A key question relating to newly characterized members of the microbiota is whether they are friend or foe. “Ca. Homeothermaceae” representatives have been shown to be IgA coated . IgA production is induced by both commensal and pathogenic intestinal inhabitants, and both are believed to be able to induce the production of highly specific IgA leading to microbial cell coating . “Ca. Homeothermaceae” are found in both IgA+ and IgA− fractions of fecal microbiota [12, 13], however, on the whole, are not highly coated with IgA in contrast to families known to be inflammatory in murine models of colitis, such as Prevotellaceae . The presence within some “Ca. Homeothermaceae” genomes of an IgA protease (Additional file 7: Figure S4) may contribute to their identification within both IgA+ and IgA− community fractions, although the significance of IgA proteases in vivo remains unclear (reviewed in ). The majority of “Ca. Homeothermaceae” genomes also contain a homolog of SpeB (Additional file 7: Figure S4), a peptidase capable of degrading multiple immunologically relevant proteins (reviewed in ). SpeB homologs are found in other gut bacteria including Bacteroides fragilis and B. thetaiotaomicron [74, 75] and in the periodontal pathogen Prevotella intermedia where the homolog interpain A is involved in the inhibition of the immune response via complement degradation . The presence of multiple potential immune evasion peptidases within members of “Ca. Homeothermaceae” does not preclude a typically commensal relationship with the host; however, they may provide the capacity for opportunistic infection under the appropriate conditions .

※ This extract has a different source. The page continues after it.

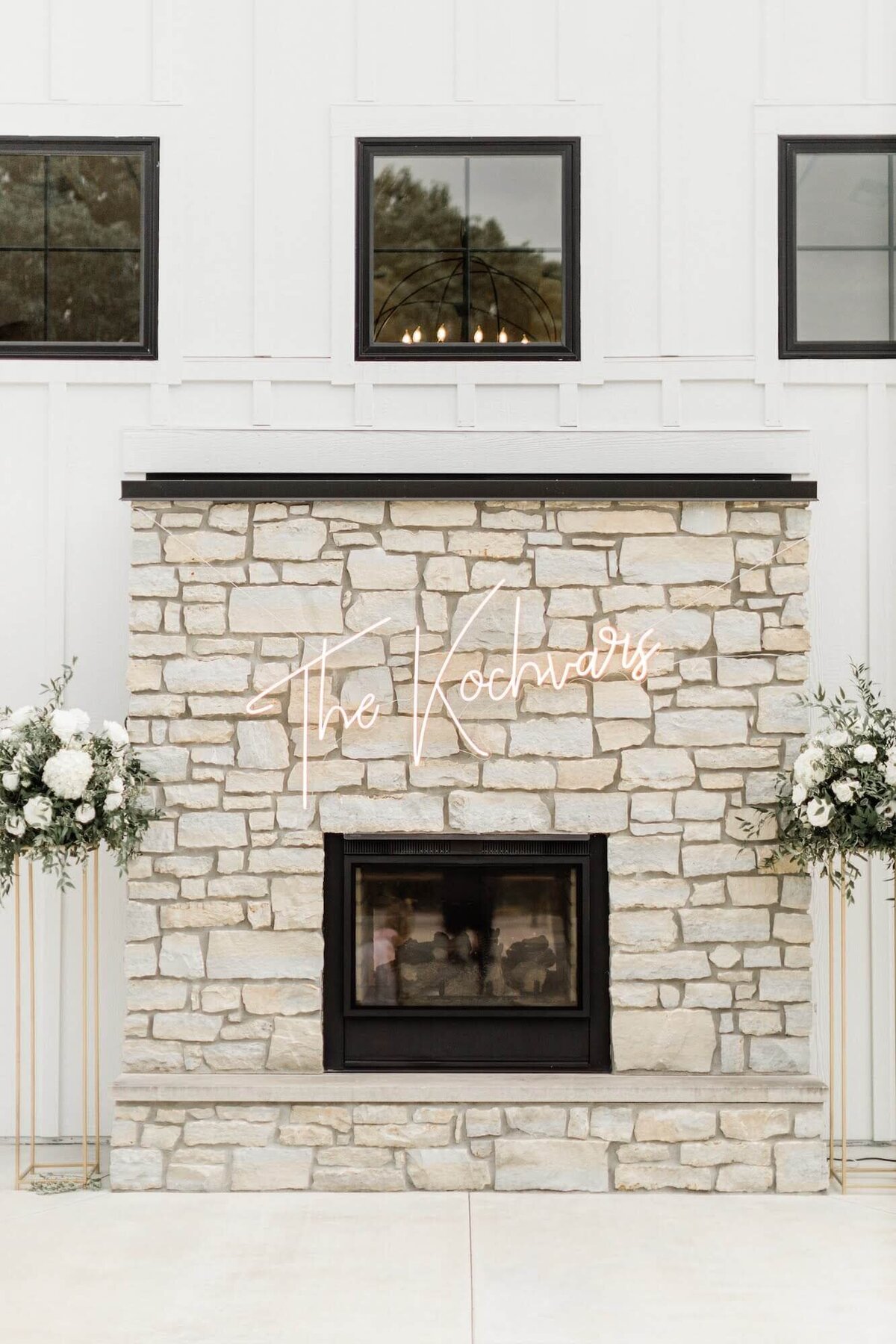 Michelle Kochvar wedding - fireplace with florals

Overall, this study provides the first genomic insights into the uncultured gut-inhabiting “Ca. Homeothermaceae” family through the comparative analysis of 30 draft genomes obtained from metagenomic datasets. We describe varied carbohydrate utilization mechanisms existing within the family in agreement with other genera occupying the same environmental niche. As a group that is particularly prevalent within a key experimental environment, the mouse gut (and also present in the human gut and potentially relevant to human health), further reports confirming the roles of “Ca. Homeothermaceae” in vivo are likely to appear in the future.
Description of “Candidatus Homeothermus”
Homeothermus (Ho.me.o.ther’mus Gr. adj. homoios, similar, Gr. n. thermē, heat. Homeothermus of homeothermic origin). Inferred to be Gram-negative, non-motile, nanaerobic, and able to ferment a wide range of carbohydrates including arabinose, cellobiose, fructan, fructose, glycerol, lactose, maltose, raffinose, sucrose, xylan, and xylose, with a focus on arabinan and xylan based on enzyme abundance.
Description of “Ca. Homeothermus arabinoxylanisolvens”
Homeothermus arabinoxylanisolvens (Ho.me.o.ther’mus Gr. adj. homoios, similar, Gr. n. thermē, heat. a.rab.in.o.xy.lan.i.sol’vens n. arabin, a carbohydrate derived from gum arabic, M.L. n. xylan, xylan, M. L. part. adj. solvere, to loosen, untie, free up). Description is the same as that for genus “Ca. Homeothermus.” Represented by population genome M4 (acc. no. LUJO00000000) obtained from metagenomic sequencing of Mus musculus fecal sample.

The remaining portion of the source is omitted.